The Shallows by Nicholas Carr

Last weekend I read Nicholas Carr’s book on how the Internet is rotting your brain, The Shallows. The book is at times very interesting–and it’s worth reading for those interesting parts–but it did bring to mind something I read in a Clay Shirky interview at the B&N Review:

I think we will see fewer authors and more writers. There’s this long, long, lonely gap between the 8,000-word New Yorker article and the 80,000-word book. And there are a bunch of interesting things that are about 20,000 words long. In fact, it’s gotten to the point where, if you’re reviewing a nonfiction book, it’s commonplace, if you like it, to assure the readers of the review that this is not just a magazine article inflated to 80,000 words so that it can be sold on the shelves at the bookstore. Which, in a way, is saying there’s a bunch of stuff that actually would be better at 20,000 or 25,000 words than at 80,000 words.

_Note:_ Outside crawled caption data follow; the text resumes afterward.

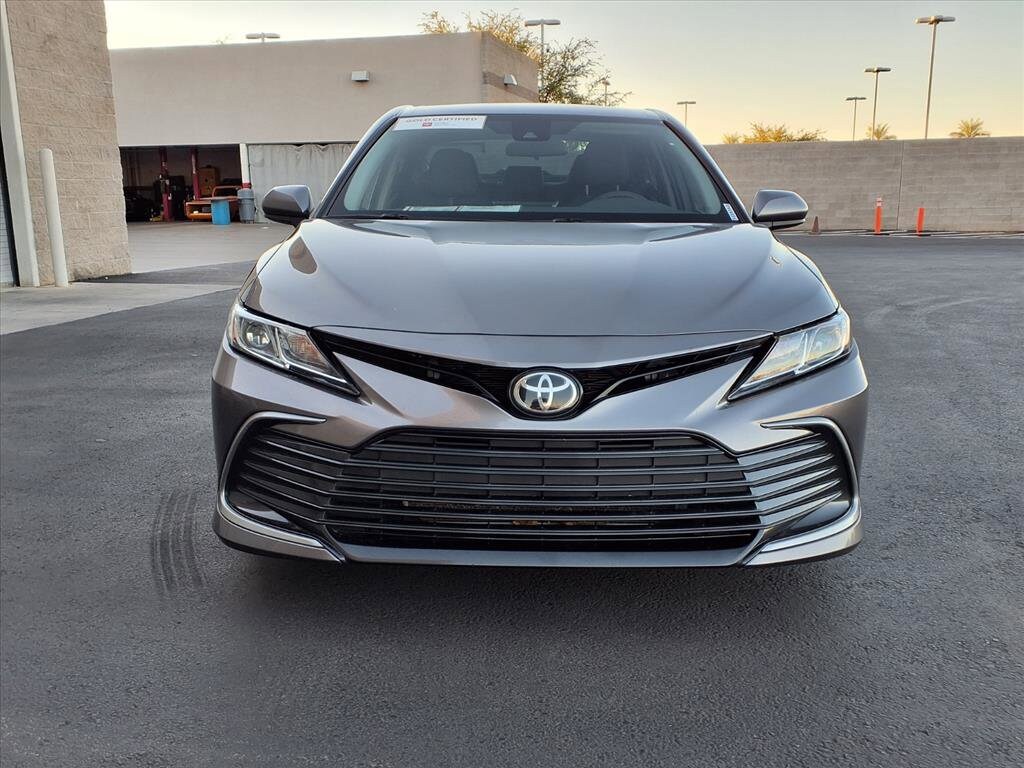 2021 Toyota Camry LE photo 2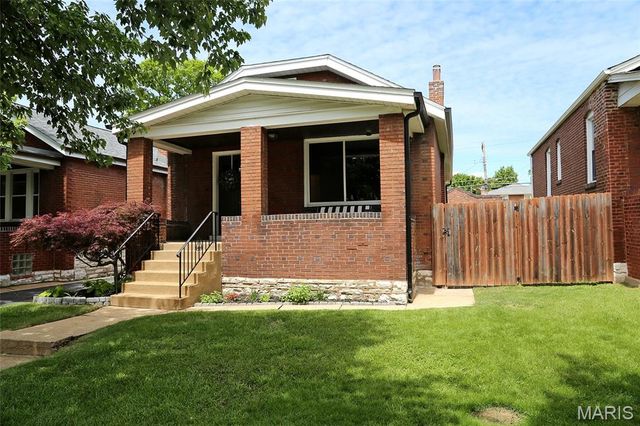 5121 Rosa Avenue, St Louis, MO 63109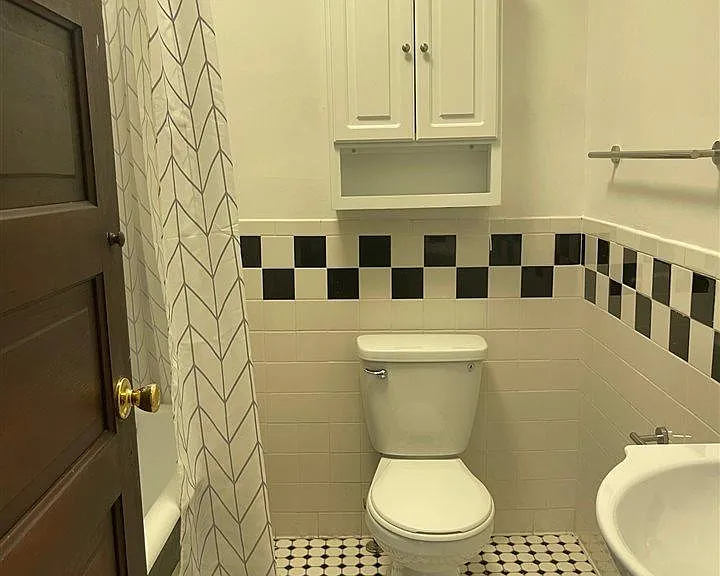 3930 Trumbull St #2 — Photo 11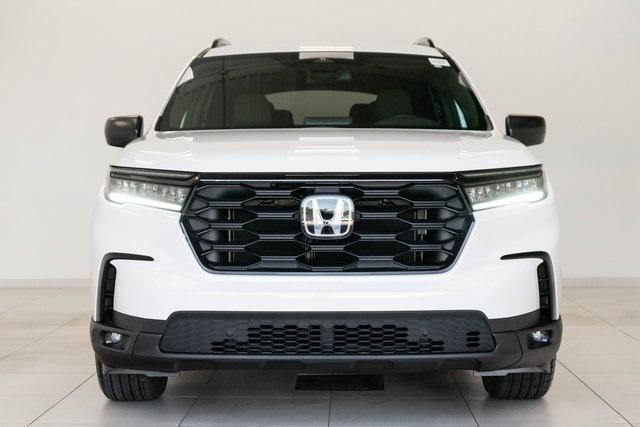 new 2025 Honda Pilot car, priced at $44,205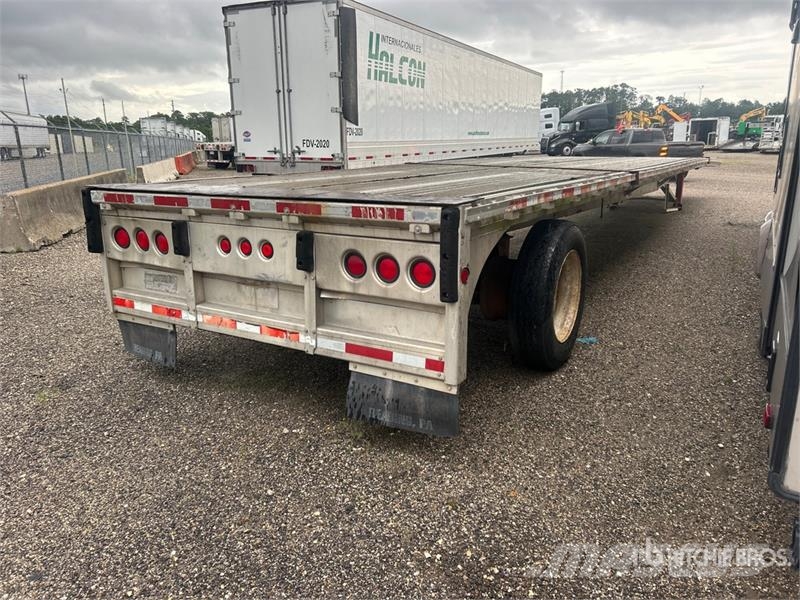 Reitnouer 53 ft S/A Flatbed Trailer (Inoperable) Flatbed/Dropside trailers
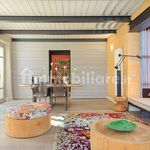 Rent 5 bedroom house of 270 m² in Arona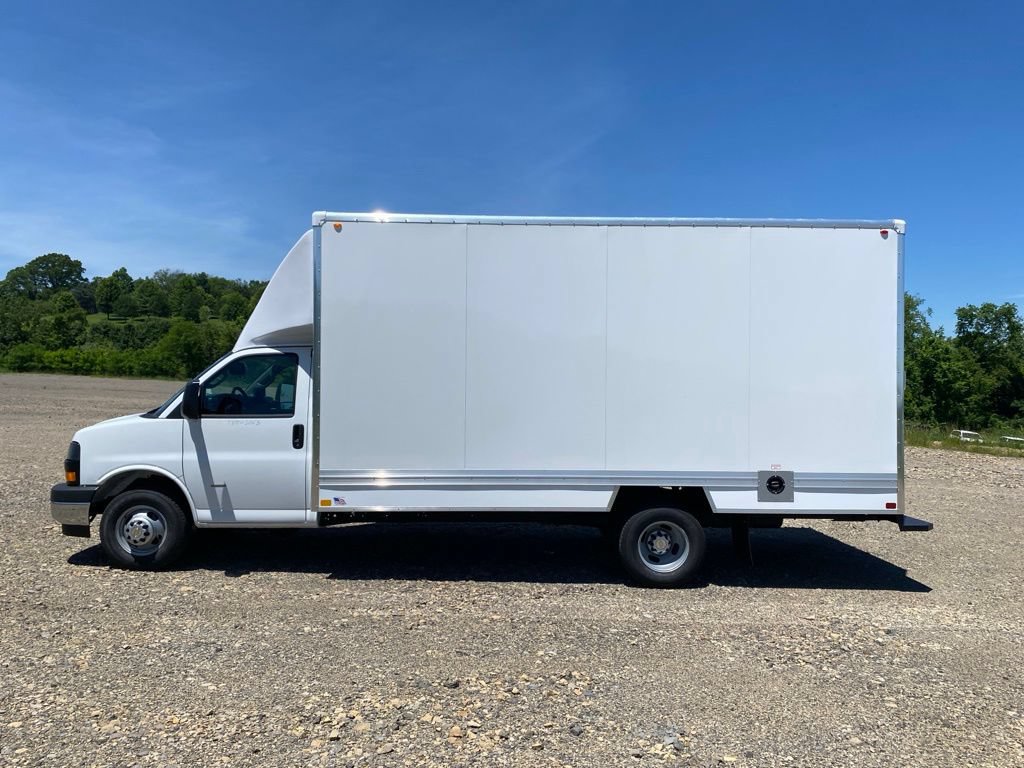 New 2026 Chevrolet Express 3500 w/ Power Convenience Package RWD image 6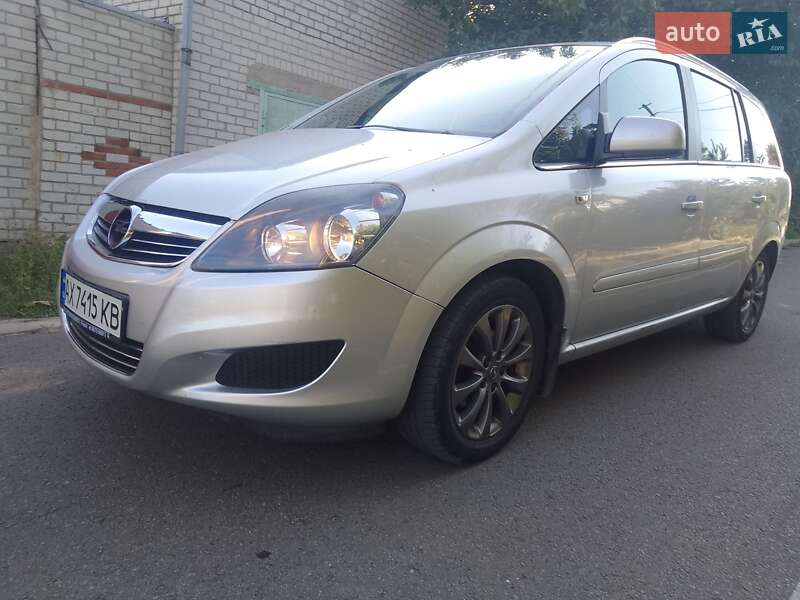 Минивэн Opel Zafira 2011 в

By the evidence of The Shallows, Carr is a writer, but not an author.

By far the most interesting part of The Shallows is chapter 7, wherein Carr synthesizes a robust body of research that attempts to understand the effects of the Internet on the human mind and, particularly, the working of human memory. It’s some frightening stuff, enough to convince me that I should be offline more and should read more articles in a disconnected environment. (Reasonable alternatives would be a printout, a text document stripped of all rich content, or the Kindle, although each iteration of the Kindle seems to be getting busier and busier, which may be good for sales but is probably bad for concentration.)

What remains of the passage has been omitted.